Cross compiling to Apple products from non Apple products is going to run into the same hurdle around SDK setup as any other. There exists documentation but it’s probably not the easiest task. This limitation though applies equally to any library that depends on system C headers and/or system libraries.
> Go should have similar difficulties with cross compilation
It doesn't. Go code can be cross compiled for any OS and any CPU arch from any supported system. And it comes out of the box that way. You don't have to go out of your way to install or configure anything extra to do it.
We’re not talking about go here. This is true for rust. The issue is building against C libraries and APIs for a different OS. Unless go has done some magic I’m unaware of its the same problem, just cgo isn’t super popular in the Go community
The crates.io ecosystem for Rust... is like the amazing girlfriend that you go head over heels for, make her your wife, and then you meet the in-laws ... but it's too late now.
Unlimited access to a bunch of third party code is great as you're getting started.
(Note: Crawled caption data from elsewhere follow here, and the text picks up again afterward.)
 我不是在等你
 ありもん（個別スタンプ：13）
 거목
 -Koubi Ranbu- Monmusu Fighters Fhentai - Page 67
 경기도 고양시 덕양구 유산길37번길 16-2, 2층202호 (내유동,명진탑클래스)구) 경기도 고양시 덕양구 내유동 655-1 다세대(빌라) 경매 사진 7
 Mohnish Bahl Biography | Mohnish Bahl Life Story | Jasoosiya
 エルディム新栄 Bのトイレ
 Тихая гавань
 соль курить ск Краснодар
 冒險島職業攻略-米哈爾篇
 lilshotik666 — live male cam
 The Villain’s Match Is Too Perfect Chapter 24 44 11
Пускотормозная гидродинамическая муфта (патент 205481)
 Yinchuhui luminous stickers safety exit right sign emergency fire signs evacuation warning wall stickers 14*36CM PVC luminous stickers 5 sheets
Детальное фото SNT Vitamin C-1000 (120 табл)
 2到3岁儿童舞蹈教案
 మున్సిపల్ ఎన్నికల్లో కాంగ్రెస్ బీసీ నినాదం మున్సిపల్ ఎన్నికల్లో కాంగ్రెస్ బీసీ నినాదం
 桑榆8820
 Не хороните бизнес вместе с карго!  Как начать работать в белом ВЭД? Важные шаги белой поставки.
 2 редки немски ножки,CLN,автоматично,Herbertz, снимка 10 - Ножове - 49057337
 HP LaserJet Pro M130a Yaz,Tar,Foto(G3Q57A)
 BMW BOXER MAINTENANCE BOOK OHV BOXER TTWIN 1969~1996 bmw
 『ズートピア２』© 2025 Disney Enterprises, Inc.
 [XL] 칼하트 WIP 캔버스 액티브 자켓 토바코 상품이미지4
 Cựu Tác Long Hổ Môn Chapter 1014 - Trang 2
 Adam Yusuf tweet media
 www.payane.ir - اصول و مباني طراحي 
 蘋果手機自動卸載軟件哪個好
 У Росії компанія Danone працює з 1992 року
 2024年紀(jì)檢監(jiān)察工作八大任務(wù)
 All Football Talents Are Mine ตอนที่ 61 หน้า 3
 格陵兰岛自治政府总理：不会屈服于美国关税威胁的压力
Until it isn't and you're swimming in a fishing net full of code you didn't write and dependencies you do not want. Everything you touch eventually brings all of tokio along with it. And 3 or 4 different versions of random number generators or base64 utilities, etc. etc.
I don't like that for fairly basic things one has to quickly reach for crates. I suppose it allows the best implementation to emerge and not be concerned with a breaking change to the language itself.
I also don't like how difficult it is to cross-compile from Linux to macOS. zig cc exists, but quickly runs into a situation where a linker flag is unsupported. The rust-lang/libc also (apparently?) insists on adding a flag related to iconv for macOS even though it's apparently not even used?
But writing Rust is fun. You kind of don't need to worry so much about trivialities because the compiler is so strict and can focus on the interesting stuff.